Republicans are more worried about Tehran’s nuclear capability than are Democrats: 74 percent of GOP voters, but only 56 percent of Democrats, say Iran’s nuclear program is a major threat to the United States. And they are more skeptical about Tehran’s intentions: in late 2013, among those who had heard at least a little about the nuclear talks, 73 percent of Republicans but only 48 percent of Democrats believed that the Iranian leaders were not serious about addressing international concerns about their country’s nuclear enrichment program.
This may result in serious domestic headwinds for the administration’s push to secure a nuclear deal. Republican congressional hawks will have support from their base to challenge any Iranian agreement, either pushing for an escalation of economic sanctions or even military action. Again in 2013, a Pew Research survey found that Republicans (80 percent) were much more likely than Democrats (62 percent) to believe that it was important to prevent Iran from developing nuclear weapons, even if it doing so meant taking military action.
In another long-simmering Middle Eastern issue — the confrontation between Israel and Palestine — Americans have long supported the Israelis. But Republicans (60 percent) are more likely than Democrats (44 percent) to see the conflict as a major threat to the United States. And a 45 percent plurality of GOP voters say that Obama favors the Palestinians too much, while 71 percent of Democrats think he has struck a balance between Palestinians and Israel.
Moving to tensions in Europe, more than half (53 percent) of Americans, with no partisan division on this issue, say the growing tensions between Russia and its neighbors pose a major threat to the United States. Nevertheless, in April 2014, at the height of the Crimea crisis, Republicans were far harsher than Democrats in their criticism of President Obama’s handling of the threat. More than half of Republicans (55 percent) said the president has not been tough enough in dealing with the situation in Ukraine, compared with just 23 percent of Democrats.
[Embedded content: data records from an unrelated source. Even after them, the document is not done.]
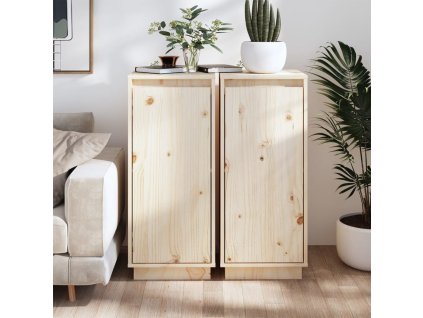 vidaXL Komody 2 ks 31,5x34x75 cm borovicový masív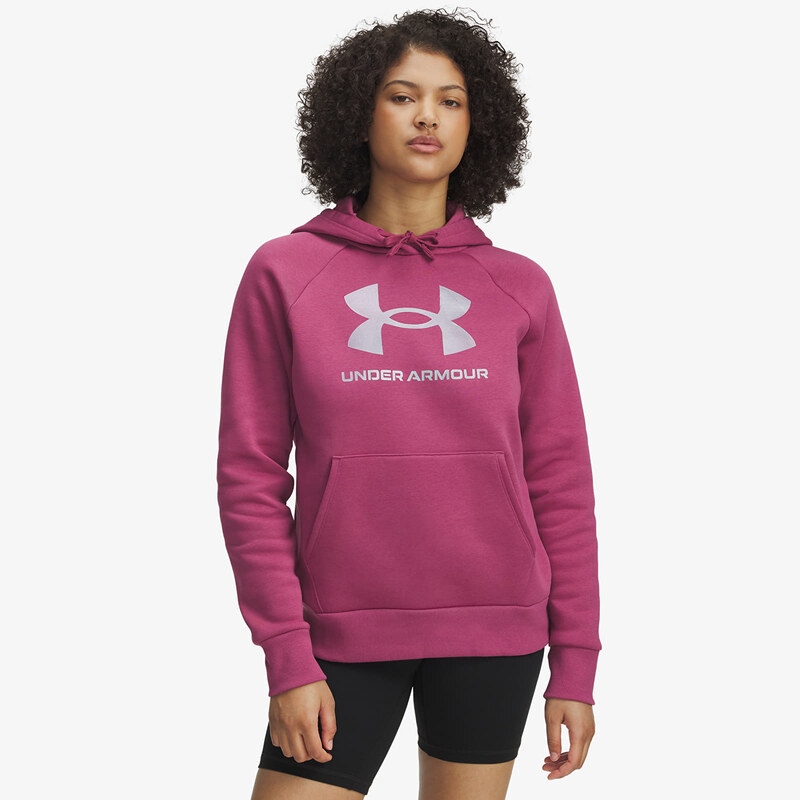 Mikina Under Armour Rival Flc Shimmer Hdy Red M 67490147
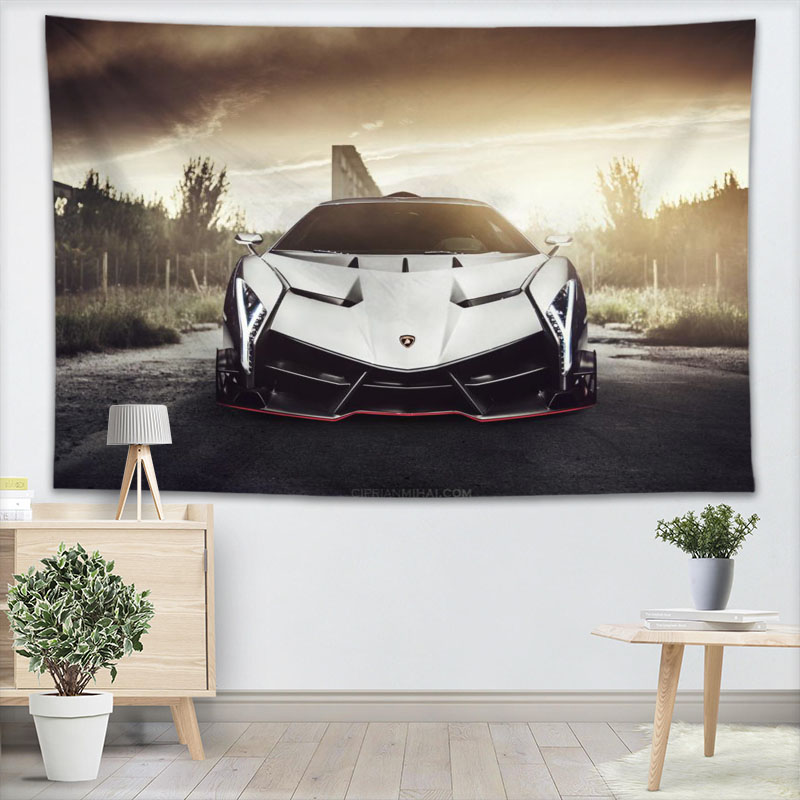 Custom Cool Automotive Car Wall Hanging Tapestry Sheets Home Decorative Tapestries Beach Towel Blanket Cloth Wall Tapestry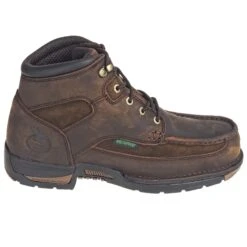 Georgia Boots: Waterproof Men's 6-Inch Brown G7403 Moc-Toe Athens Work Boots -doublehboots shop georgia sg7403 o 01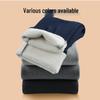 Kids' Navy Blue Fleece Sports Pants - Thick, Grey, Lambswool, Primary School Uniform Pants for Autumn/Winter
President Obama is faced with an unsettling, but not unexpected, reality that he may face a Republican-led Congress. Clearly, that will make the administration’s ability to affect domestic legislation a struggle. But Obama’s foreign policy agenda might not be as insulated as he would like. Republicans voters’ support for a proactive, tougher stance on a range of international issues might push an emboldened Congress to confront the White House on everything from the fight against IS to bolstering NATO in Eastern Europe. For the White House, it could be a bumpy couple of years.